Although the entries contain pictures, your copy should hold only their exact text.
---------- Supplied information ----------
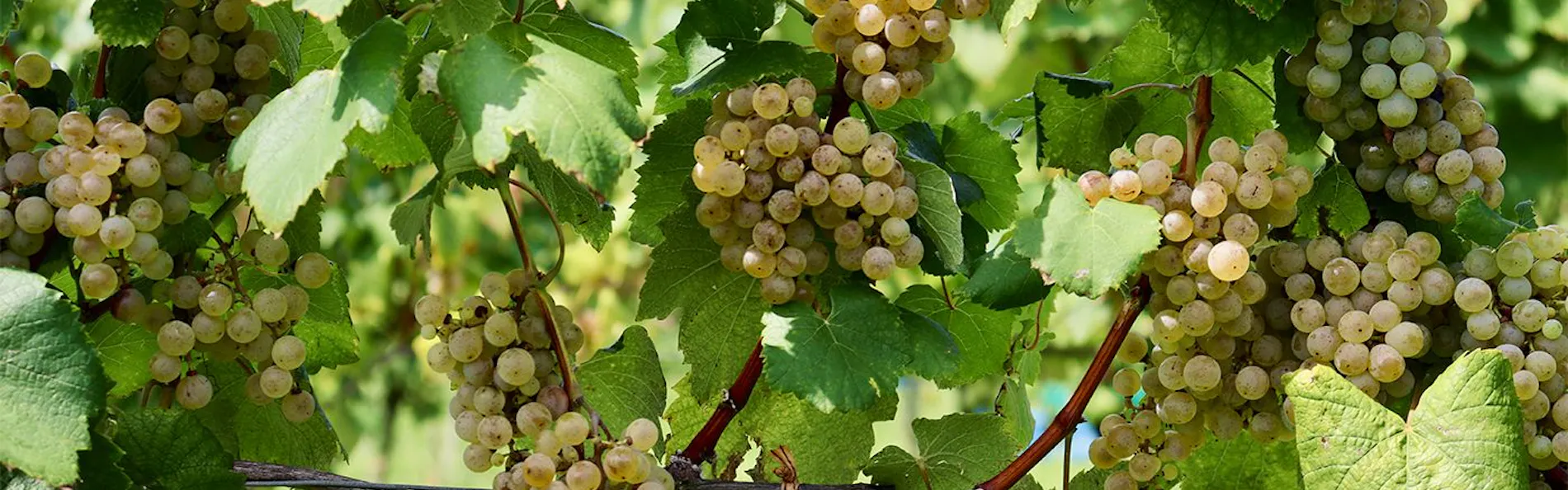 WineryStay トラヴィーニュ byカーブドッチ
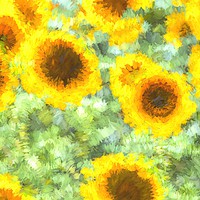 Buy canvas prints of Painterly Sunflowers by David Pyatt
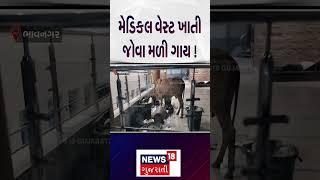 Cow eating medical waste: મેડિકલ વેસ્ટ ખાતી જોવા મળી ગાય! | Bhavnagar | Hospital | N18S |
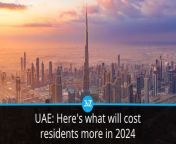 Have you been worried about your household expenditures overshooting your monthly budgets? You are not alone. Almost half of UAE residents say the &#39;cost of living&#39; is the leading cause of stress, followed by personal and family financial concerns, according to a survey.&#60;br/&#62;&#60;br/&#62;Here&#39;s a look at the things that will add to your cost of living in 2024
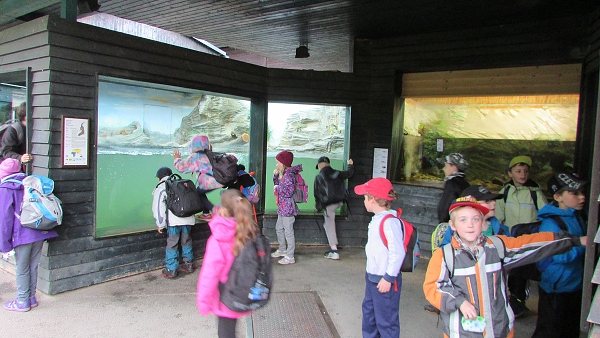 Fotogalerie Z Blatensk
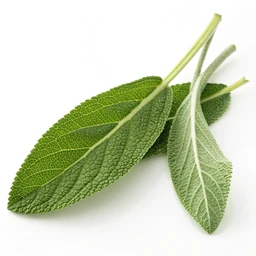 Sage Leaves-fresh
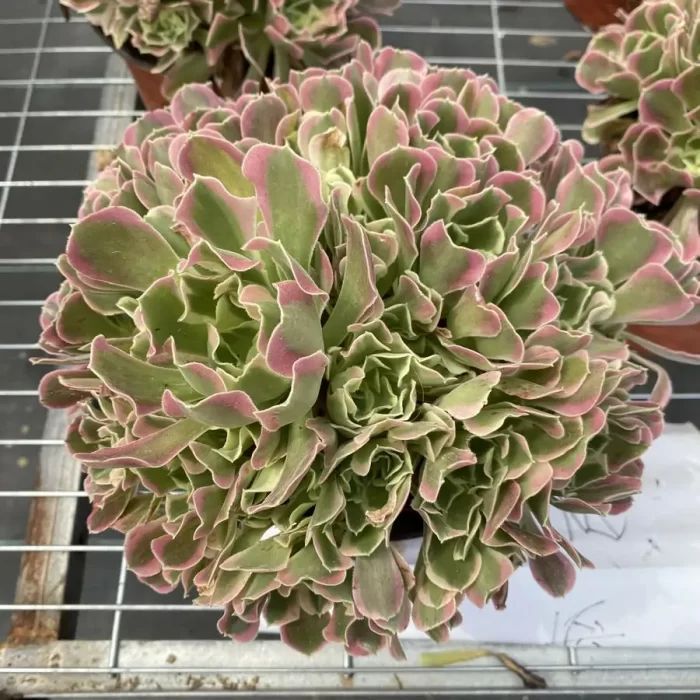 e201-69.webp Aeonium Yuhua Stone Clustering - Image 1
----------
**Completed task:**
 WineryStay トラヴィーニュ byカーブドッチ
 Buy canvas prints of Painterly Sunflowers by David Pyatt
 Cow eating medical waste: મેડિકલ વેસ્ટ ખાતી જોવા મળી ગાય! | Bhavnagar | Hospital | N18S |
 Have you been worried about your household expenditures overshooting your monthly budgets? You are not alone. Almost half of UAE residents say the &#39;cost of living&#39; is the leading cause of stress, followed by personal and family financial concerns, according to a survey.&#60;br/&#62;&#60;br/&#62;Here&#39;s a look at the things that will add to your cost of living in 2024
 Fotogalerie Z Blatensk
 Sage Leaves-fresh
 e201-69.webp Aeonium Yuhua Stone Clustering - Image 1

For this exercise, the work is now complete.